- Opening Delimiter -

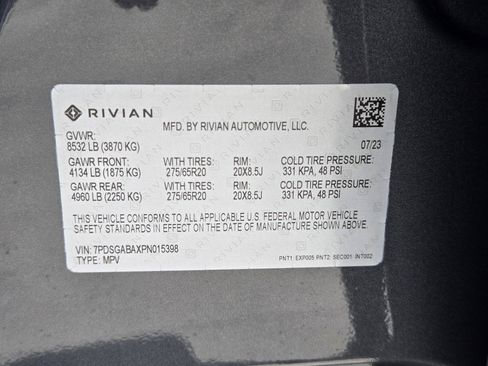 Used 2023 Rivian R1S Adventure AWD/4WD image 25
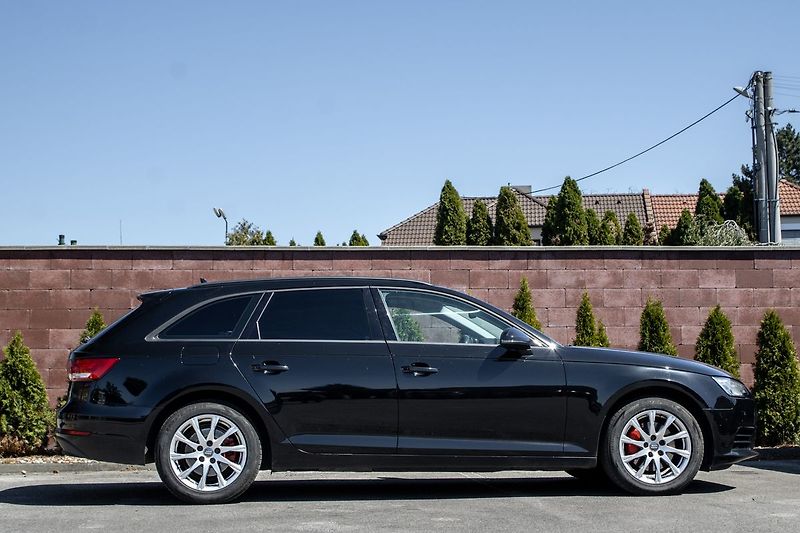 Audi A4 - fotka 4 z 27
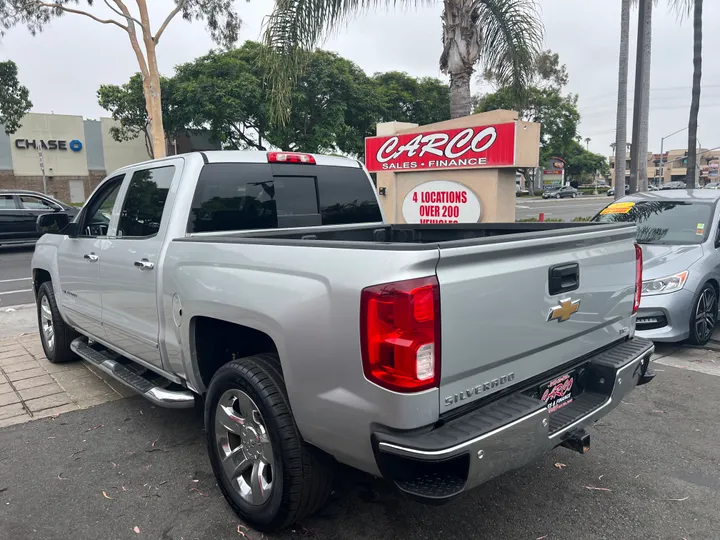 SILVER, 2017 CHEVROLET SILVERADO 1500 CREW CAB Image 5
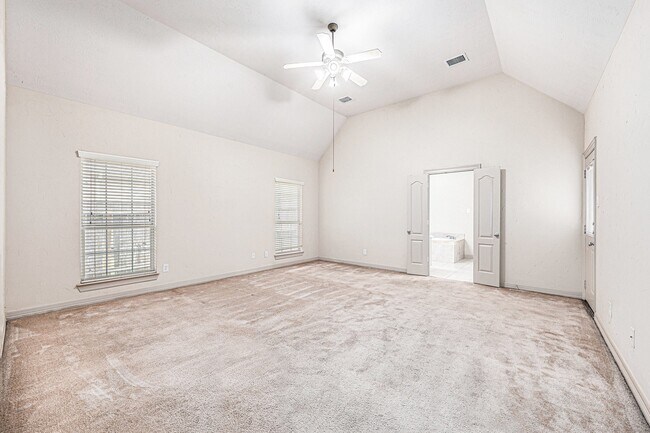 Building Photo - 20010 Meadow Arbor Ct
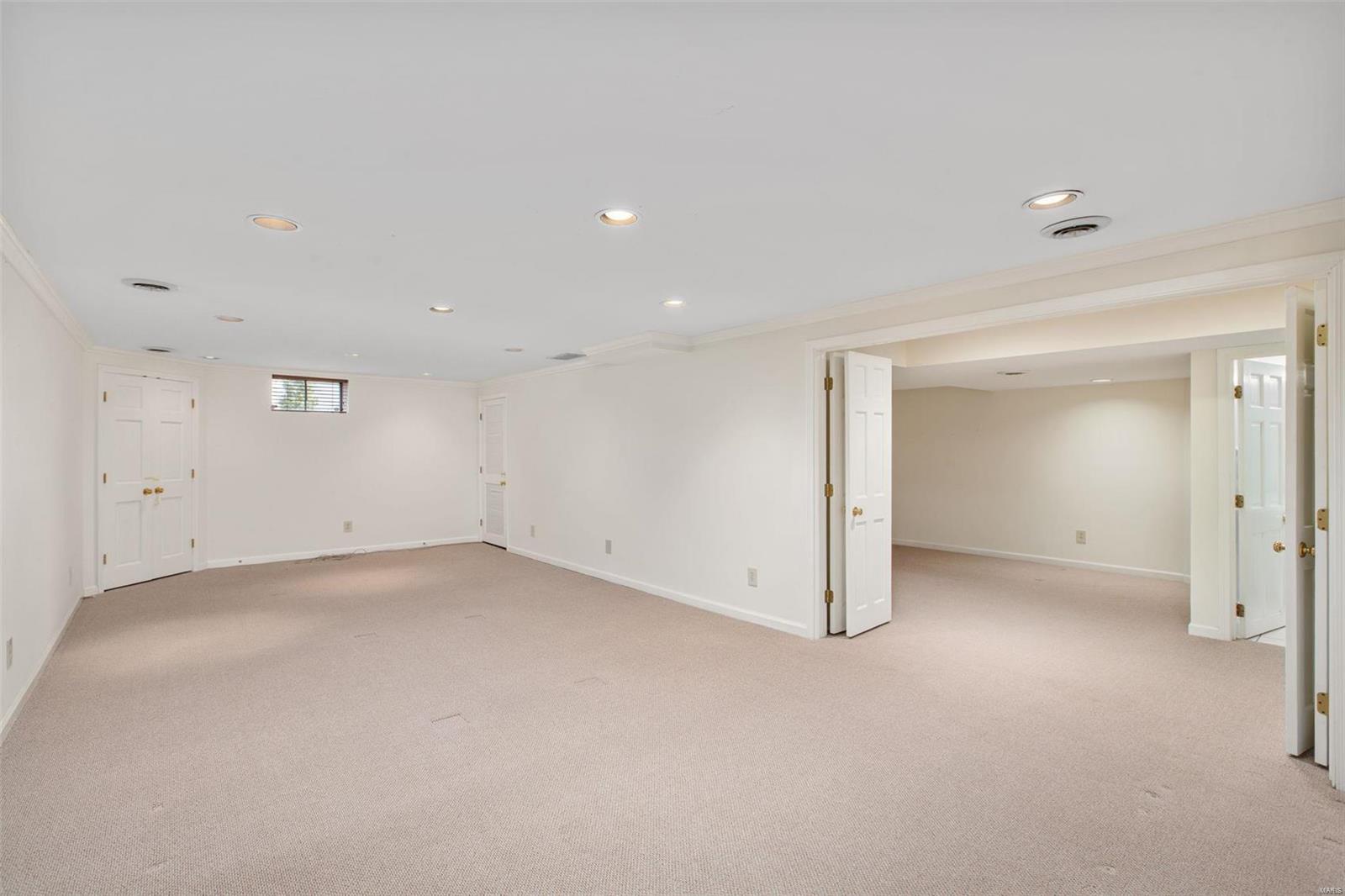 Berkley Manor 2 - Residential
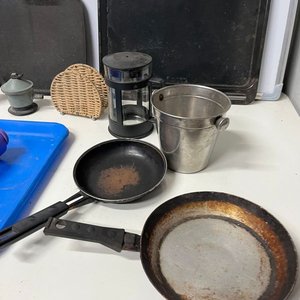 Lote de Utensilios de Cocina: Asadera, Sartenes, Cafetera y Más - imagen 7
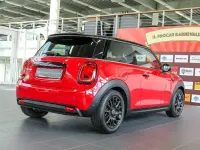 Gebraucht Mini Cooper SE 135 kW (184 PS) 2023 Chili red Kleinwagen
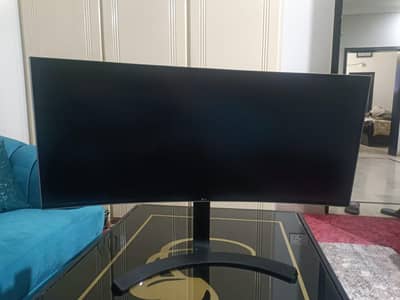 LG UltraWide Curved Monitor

- Closing Delimiter -

ASSIGNED TASK:
Return the material in full, word for word, and skip the pictures.

WRITTEN ANSWER:
 Used 2023 Rivian R1S Adventure AWD/4WD image 25
 Audi A4 - fotka 4 z 27
 SILVER, 2017 CHEVROLET SILVERADO 1500 CREW CAB Image 5
 Building Photo - 20010 Meadow Arbor Ct
 Berkley Manor 2 - Residential
 Lote de Utensilios de Cocina: Asadera, Sartenes, Cafetera y Más - imagen 7
 Gebraucht Mini Cooper SE 135 kW (184 PS) 2023 Chili red Kleinwagen
 LG UltraWide Curved Monitor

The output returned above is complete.